August 06 2012
With the new Ministry of Business, Innovation and Employment, the government has created a 'super-ministry' with a name that emphasises innovation. However, the official papers and announcements make no mention of the link between innovation and patents. This is surprising, especially at a time when New Zealand's patent law is - at last - being totally reformed and the Patents Bill is before Parliament. The omission is even more surprising given that the Ministry of Economic Development - the senior ministry that forms the foundation of the Ministry of Business, Innovation and Employment - administers patent law at present.
The inclusion of 'innovation' in the ministry's name indicates that the encouragement of innovation is a major goal. Economists now generally accept that innovation drives economic growth. Murray Bain, the chief executive of the old Ministry of Science and Innovation, stated that it acknowledged "the significant role of science and innovation in building stronger economic growth".
However, the process of innovation is subject to market failures. For example, a pure competition model means that an innovator can be copied and undercut by a competitor that is not burdened with the associated R&D cost. The market failure is that where the R&D spend is significant, innovation is rendered unattractive; the result is underinvestment in R&D and less innovation.
The government's role is not to deliver innovation to industry, but to provide a facilitating environment. For example, it should ensure an efficient legal infrastructure - a function noted by the new ministry's acting chief executive, David Smol, in a speech in May 10 2012. In a small country, such as New Zealand, the government's role is also to undertake and supply through research institutions and universities the fundamental science which underpins commercial R&D.
It is also critical to provide incentives to innovate where there is a risk of market failure. Such incentives may include subsidising corporate R&D, offering tax concessions and making available appropriate and balanced IP rights to innovators. The third of these incentives involves little, if any, government expenditure.
Patents are the primary IP right for innovators and the Intellectual Property Office of New Zealand (IPONZ), which will become part of the new ministry, is essentially funded by those that use it. However, the Patents Act 1953 - which provides the legal framework for IPONZ, patent applicants, patent owners and the courts - is an anachronism by international standards.
At present, many are sceptical about IP rights, such as patents and copyright. In the latter case, the balance between owners and users is questioned. With patents, criticism is mainly directed towards the possibility of obtaining patents for software and biotechnology inventions.

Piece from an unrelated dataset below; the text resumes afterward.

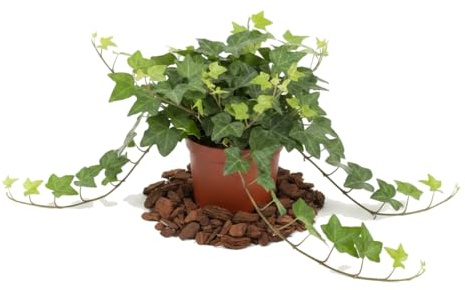 Hedera Helix Verde Hiedra común - DECOALIVE Planta Viva para Decoración Natural Maceta 13 cm de Diámetro Altura 25 cm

Nevertheless, despite the market failure theory, it is fair to ask what evidence there is of a link between patents and innovation. Most of the evidence comes from measurements of the overall link between IP rights and growth, rather than the respective links between innovation and growth and between IP rights and innovation. In short, it appears that IP rights stimulate growth in developed countries, whereas the link is weak in less-developed countries. However, the relationship between IP rights and growth is not simple, even in the developed world. A balance between under-protection and over-protection seems to be essential. As IP rights strength increases, economic growth increases, up to a point at which growth falls off - the relationship can be plotted as an inverted 'U' curve. New Zealand is a developed country, so it will benefit from IP rights; however, with legislation nearly 60 years old, it is nowhere near the top of the curve.
In addition to the evidence of these economic studies, there is the importance of IP rights, such as patents, in facilitating commerce in innovation. Patents effectively convert innovation into property, allowing it to be commercially exploited. Patents may be sold (usually for a one-off payment) or licensed (usually for ongoing royalties). They provide an infrastructure for technology transfer and the supporting legal agreements. (The position of patents contrasts with that of unpatented trade secrets, which cannot legally be sold, as they are not property under New Zealand and Commonwealth law.)
The Organisation for Economic Cooperation and Development (OECD) uses patent filing statistics as a measure of national innovation. Figures for the filing of international patent applications have revealed New Zealand to be only one-third as innovative as Denmark and Israel by OECD measurements. The Ministry of Business, Innovation and Employment's goal of facilitating innovation could redress this - but only if its ministers and officials get a grip on these issues.
The government and the new ministry must place a higher priority on the patent system and the Patents Bill. However, not all of New Zealand's high-technology industries support all current provisions of the bill - the Commerce Select Committee's belated exclusion of patents for software inventions is a case in point (for further details please see "Select committee report on Patents Bill: computer software not patentable"). It was introduced on the basis of faith-based arguments and in the face of a total lack of evidence that such patents had resulted in any economic mischief that required addressing by legislation. It seems irrational to exclude embedded software inventions of the type devised by high-technology New Zealand manufacturers, such as Fisher & Paykel Appliances and Navman for their computer-controlled global positioning systems.
Subject to the qualifications above, the evidence shows that a workable innovation policy requires a modern, balanced patenting system. It is time that New Zealand politicians and officials became familiar with the basics of patents and other IP rights. Other nations have long moved beyond this point and are more focused on national fine tuning and international IP rights treaties.
An edited version of this article was published in the National Business Review on July 6 2012.